Silva se había instalado en Lago Blanco con su boliche, al que nombró Polo Sur, adonde acudieron muchos troperos y jinetes, caminantes y avanzadores, que se quedaron ahí en torno a la estufa Volcán comentando los hechos de la semana y fumando caporal en las cotidianas ruedas del mate amargo. Fue en ese lugar que se conversó a gritos sobre la fundación de un poblado. Y buscaron a un líder que sabía algo de topografía e ideó las manzanas y las primeras calles, mensuró con cordeles y lazos los primeros lugares, y no se olvidó de la plaza, las casitas de tejuelas y canogas, los álamos y los patios.

Antes de la fundación oficial, ya había vivientes buscando tierritas. En 1914 se juntaron varios ciudadanos a conversar una especie de comité con una directiva. Nace el COPPA Comité pro-Provincia de Aysén, con Adolfo Valdebenito a la cabeza, el Juez de Subdelegación. Lo acompañan los vecinos Juan Aguilar, Nicanor Schoenfeldt, Arsenio Melo y Moisés Bravo. Dos años más tarde se suman Josefina Elena Méndez, una de las primeras profesoras junto a sus tres hijos; Sixto Echaveguren, que sería el virtual primer banco ganadero del territorio; Blanca Flor Espina y Dumicilda Medina, las profesoras; Herman Finke, ciudadano alemán, el contador; Salomón Farah Dibb, el herrero, y el tropero Segundo Aravena. Juan Ramón Contreras, el carpintero y hacedor de ataúdes; Alfredo Mascareño y su primer hotel; Timoteo Jara, un gentil comerciante; Ali Haida, el panadero libanés; Emilio Cano, que camionea por Argentina; y tantos otros nombres que se empiezan a sumar, Pedro Sellán, Máximo Kant, Julio Chible Daas, primer pulpero del pueblo, Carlos Asi, comerciante principalísimo, José Pérez Tallem con su boliche La Confianza Siria, Mercedes Jalife, Federico Peede von Bischofhausen, Sandalio Bórquez.
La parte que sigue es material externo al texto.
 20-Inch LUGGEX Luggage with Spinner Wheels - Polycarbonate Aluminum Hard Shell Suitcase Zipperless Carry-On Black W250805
Por las tardes y noches siempre se escuchan los ritmos de rancheras que vuelan entre los rumores de las noches de beneficios en un Club de los Socios llamado Internacional, donde los gauchos pasan a quedarse para la diversión y el relajo. Alfredo Mascareño, en su hotel tiene que vérselas con bandolerajes, siendo uno de los pocos a los que respetan. Desfilan los nombres de los buscas y los matreros: Galván, Gorra de Mono, Iribarne, Reinoso, el Zurdo Contreras, Pan y Agua, Diente de Oro, Rubio de la Pera. 

Chalino Barros, hijo de Dumicilda Medina, del grupo de primeras maestras. (Foto Grupo NLDA)
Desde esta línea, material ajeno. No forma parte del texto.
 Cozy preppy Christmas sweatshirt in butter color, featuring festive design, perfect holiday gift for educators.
Por esos lares los presos son detenidos cuando hay excesos irremediables y los encierran bajo tres llaves en la casa de adobes de José Pérez, convertida en calabozo ocasional. En aquel lugar vive el Juez Guillermo Arrocet, llegado de Puerto Montt para constatar la situación.

Dirige don Avelino Ehijos sus grandes chatas desde la Élida o Huemules, pasando por la Nicolasa, rumbo a Río Mayo. El padre adoptivo de José Pérez es un héroe de la Guerra del Pacífico, avecindado ya en Balmaceda. Se llama Simón Salazar. Una noche tocan a su puerta y va a abrir. Una daga le deja los intestinos en el suelo. Don Simón es el precursor de las bandas de música en el poblado, cuando doña Dumi prepara números artísticos con sus niños en la garita vieja de la primera plaza. Se unen los nombres silenciosos de los balmacedinos originales: Juan Fernández, Ramón Laibe, Salmen Chaveldín, Said Corball, Jacinto Ali, José Abraham Asmutt, Juan Hamer, Pedro Castillo, Gregorio Jara, el político Rodríguez, Amador Cifuentes, Juan Fuentes, los Domke, Abraham Chible de Damasco. 

Los registros civiles

Mientras en Puerto Aysén, la oficina de identificación funcionaba ya en 1928 en la casa particular de David Bustamante, donde se entregaban cédulas de identidad con tapas negras, algo similar ocurría en el Valle Simpson al instalarse un civil en la casa de David Orellana. Tanto en aquella oficina como en Balmaceda atendía el oficial Adolfo Valdebenito, pero mucho antes estos asuntos debían resolverse en Argentina o en los civiles de Chiloé y Llanquihue.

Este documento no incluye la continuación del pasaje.